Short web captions

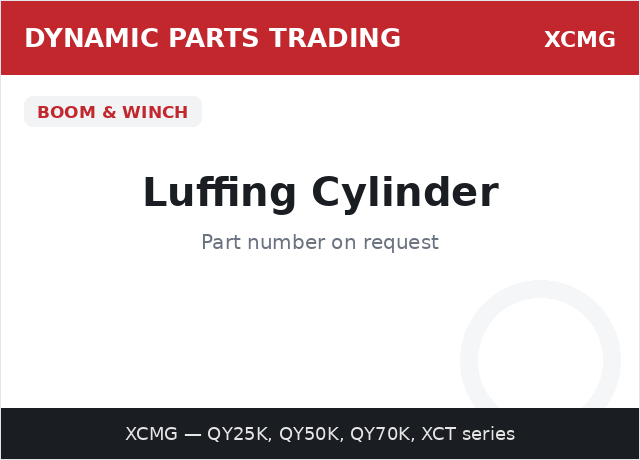 Luffing Cylinder — XCMG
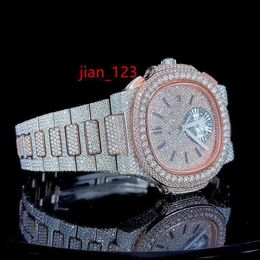 Premium hohe Qualität VVS Top-Marke heiße benutzerdefinierte DIGN Hip Hop Männer Frau Luxus Hand Set lced out Diamant Moissanit watch40MEGV7J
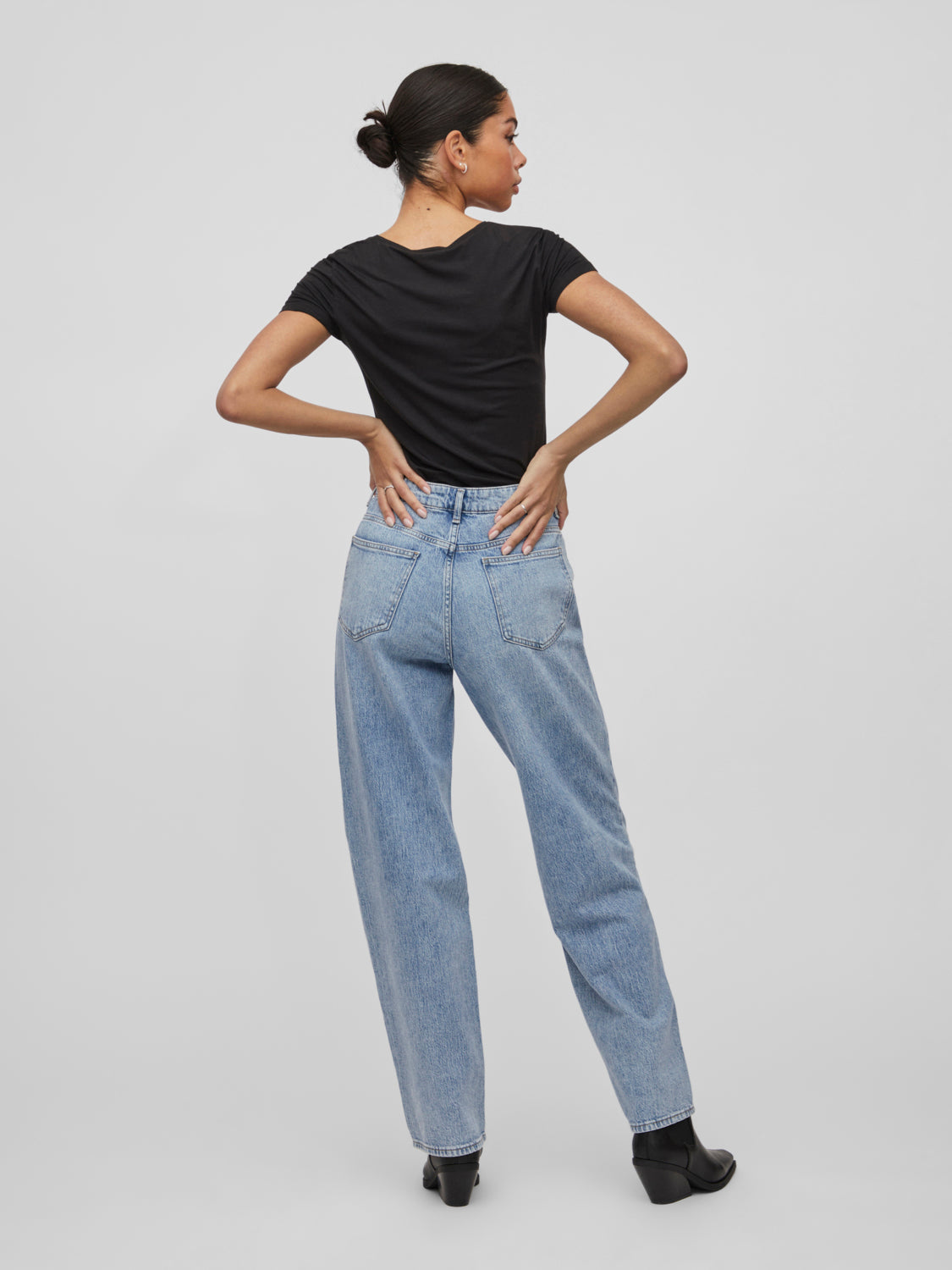 VIKELLY Jeans - Light Blue Denim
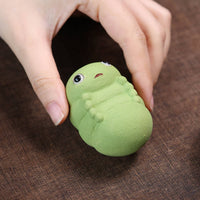 Tea Pet Segmented Body Zisha Clay Tea Pet Big Eyes for Display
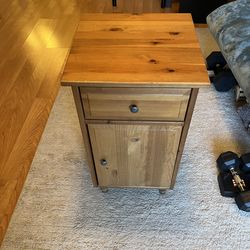 Rustic side end table night stand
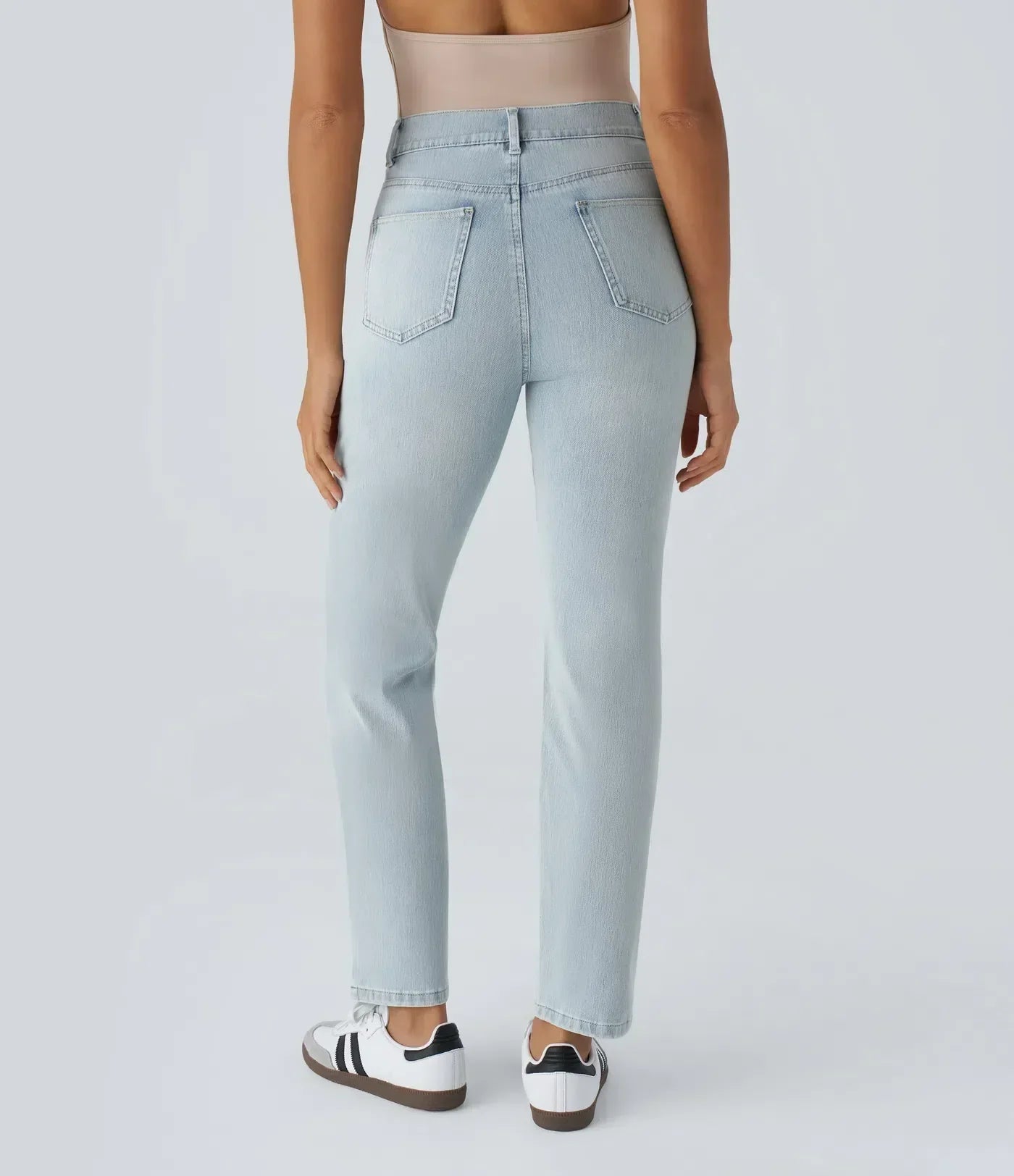 Lotte | Pantaloni elasticizzati e confortevoli a vita alta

### Task requirements
Your answer must be exactly the lines from the one with "Rustic side end table night stand" through the final line of the data, with no pictures in it.

### Response area
 Rustic side end table night stand
 Lotte | Pantaloni elasticizzati e confortevoli a vita alta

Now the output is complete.